Captioned web images:
########
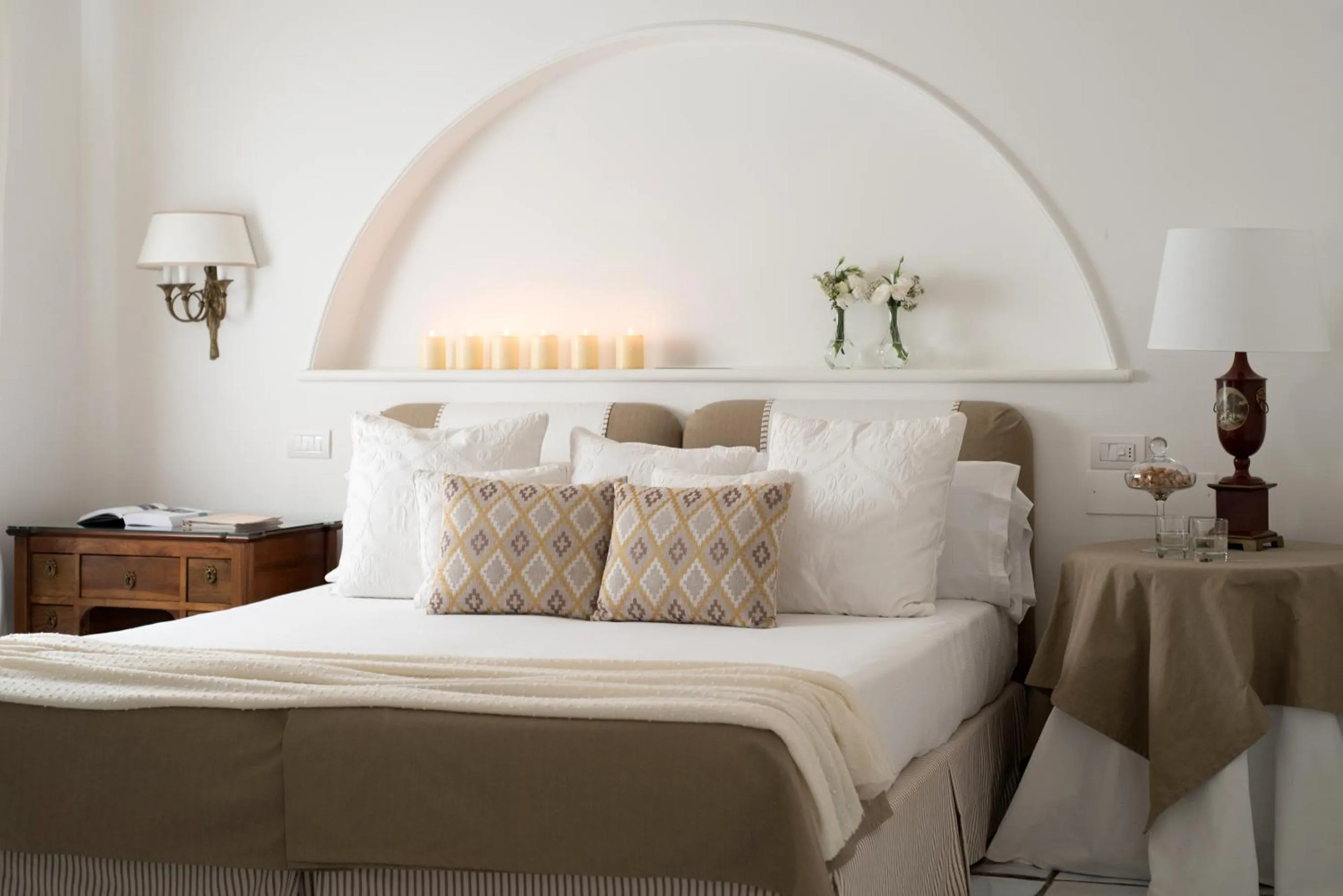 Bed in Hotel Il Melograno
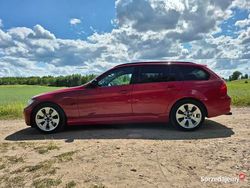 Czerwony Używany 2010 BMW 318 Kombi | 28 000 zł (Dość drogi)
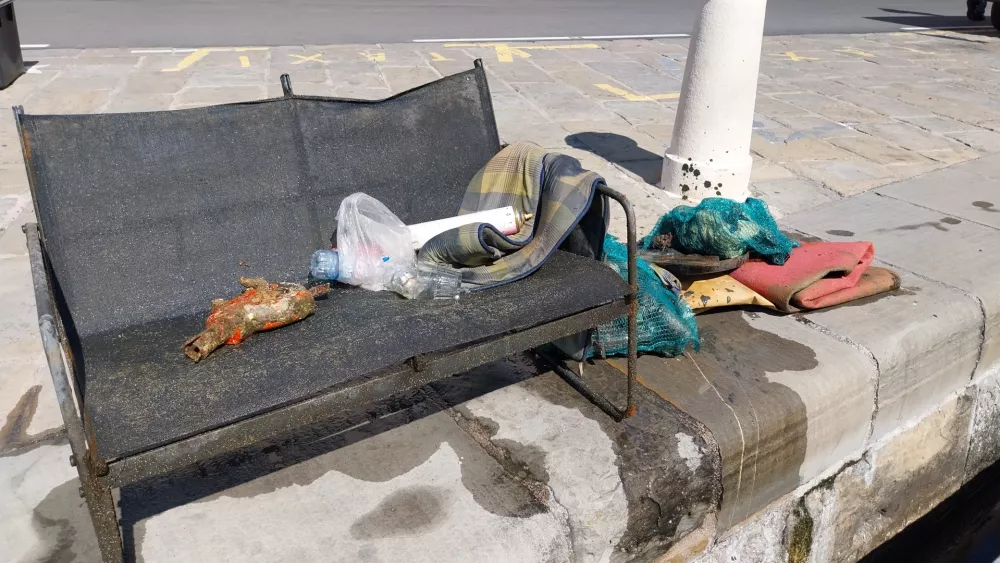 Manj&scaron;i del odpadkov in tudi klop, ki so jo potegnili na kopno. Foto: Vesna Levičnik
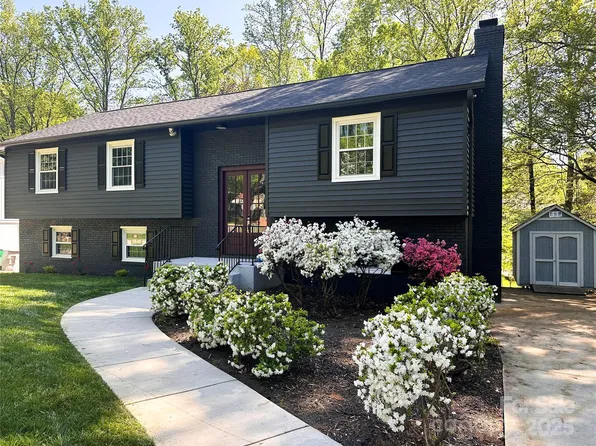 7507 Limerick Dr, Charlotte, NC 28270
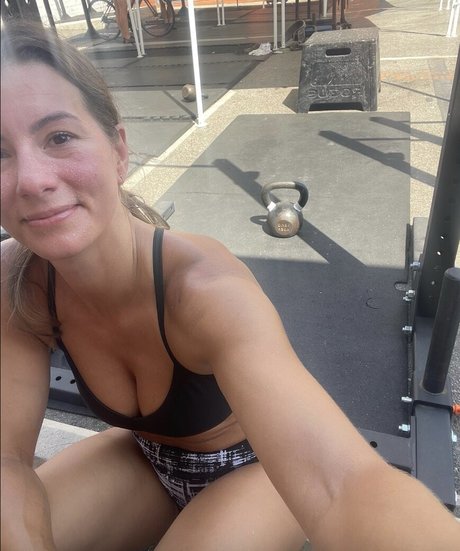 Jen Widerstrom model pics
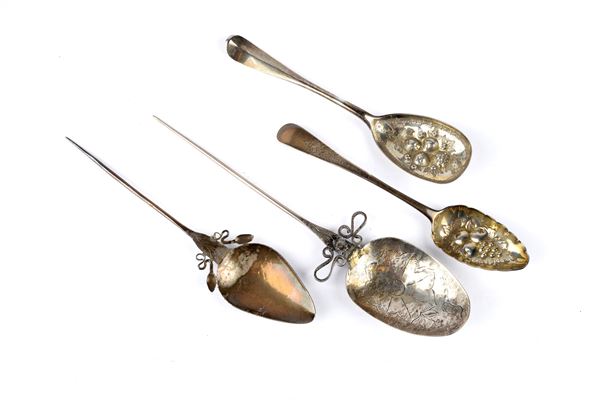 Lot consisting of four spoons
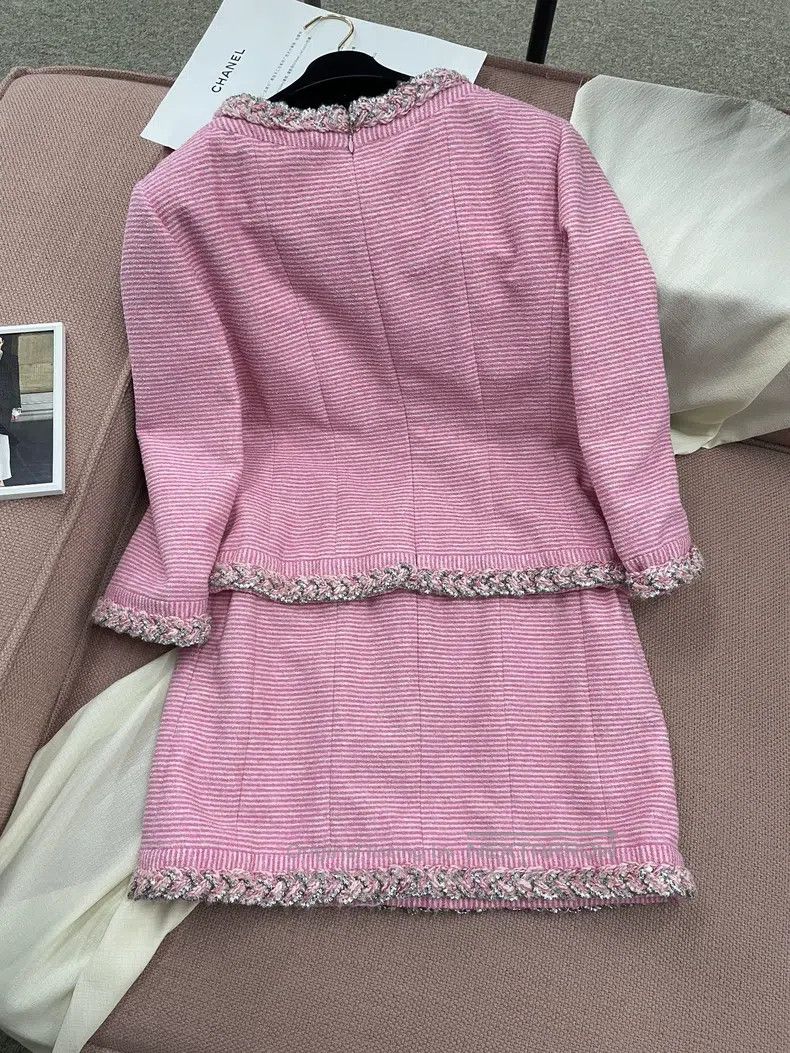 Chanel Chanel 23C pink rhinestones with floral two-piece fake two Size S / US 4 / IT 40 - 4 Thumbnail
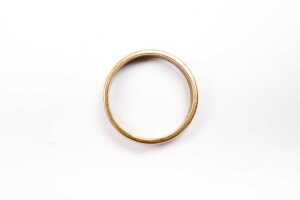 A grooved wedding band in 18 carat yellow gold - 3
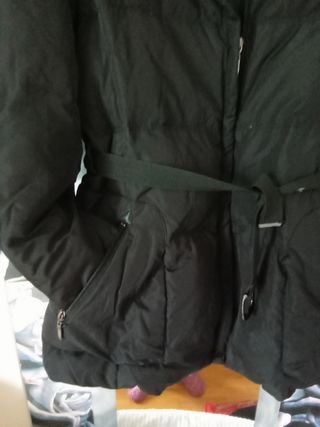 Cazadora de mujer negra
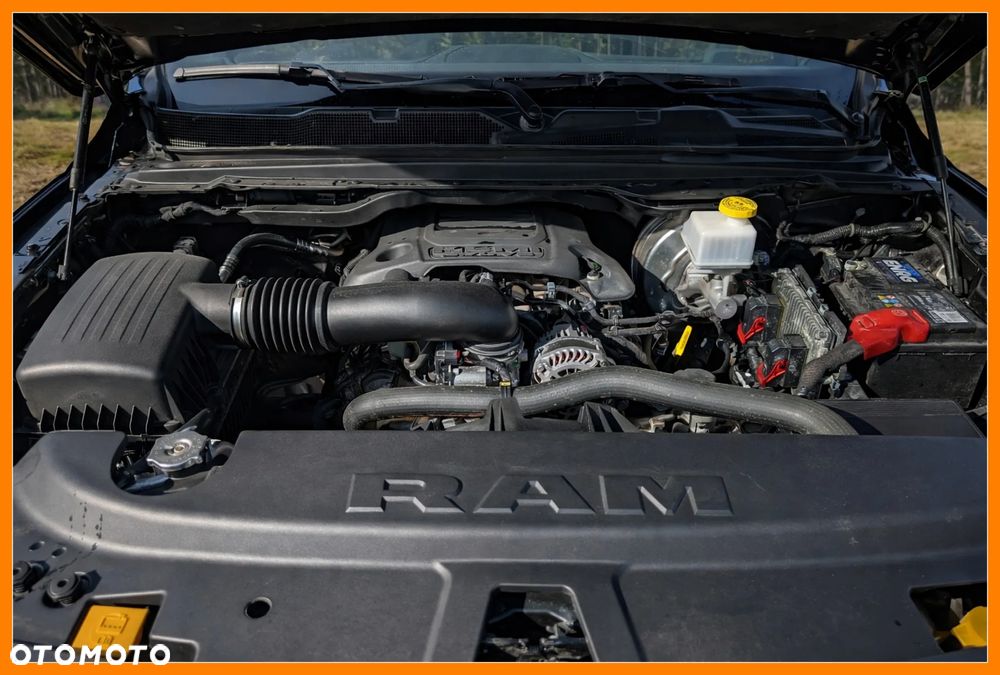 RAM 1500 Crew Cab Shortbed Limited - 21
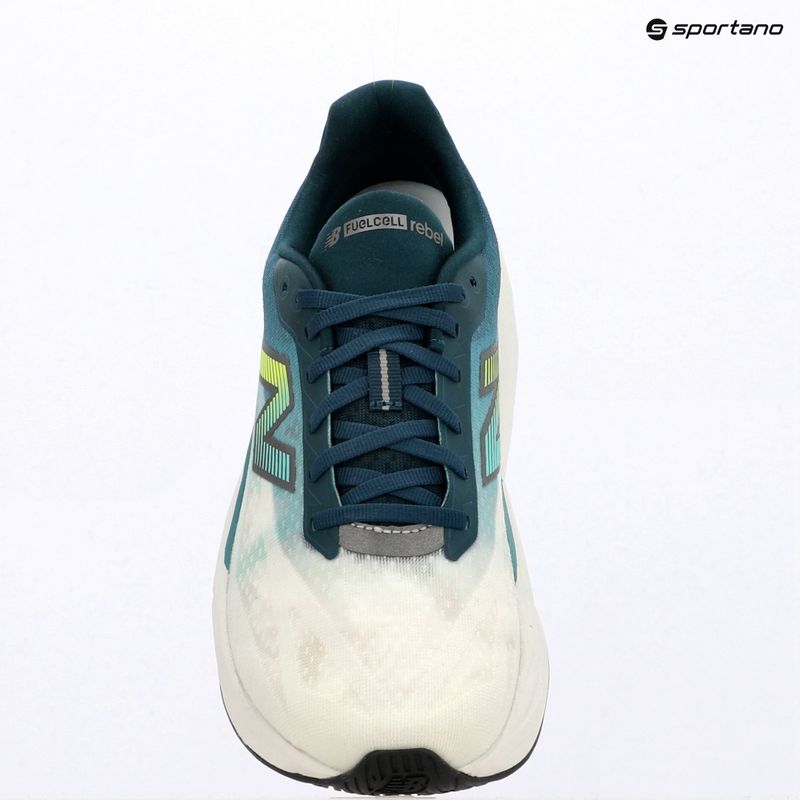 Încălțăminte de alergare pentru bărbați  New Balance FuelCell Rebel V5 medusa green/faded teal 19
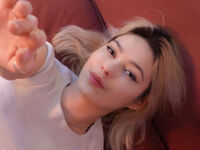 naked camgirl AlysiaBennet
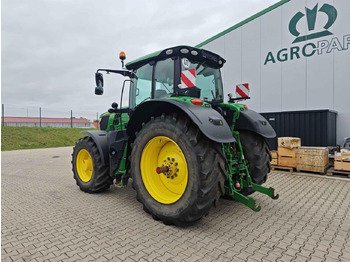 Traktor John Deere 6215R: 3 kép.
########
What you should do: An exact, image-free transcription of all the records above is needed.

Expected answer:
 Bed in Hotel Il Melograno
 Czerwony Używany 2010 BMW 318 Kombi | 28 000 zł (Dość drogi)
 Manj&scaron;i del odpadkov in tudi klop, ki so jo potegnili na kopno. Foto: Vesna Levičnik
 7507 Limerick Dr, Charlotte, NC 28270
 Jen Widerstrom model pics
 Lot consisting of four spoons
 Chanel Chanel 23C pink rhinestones with floral two-piece fake two Size S / US 4 / IT 40 - 4 Thumbnail
 A grooved wedding band in 18 carat yellow gold - 3
 Cazadora de mujer negra
 RAM 1500 Crew Cab Shortbed Limited - 21
 Încălțăminte de alergare pentru bărbați  New Balance FuelCell Rebel V5 medusa green/faded teal 19
 naked camgirl AlysiaBennet
 Traktor John Deere 6215R: 3 kép.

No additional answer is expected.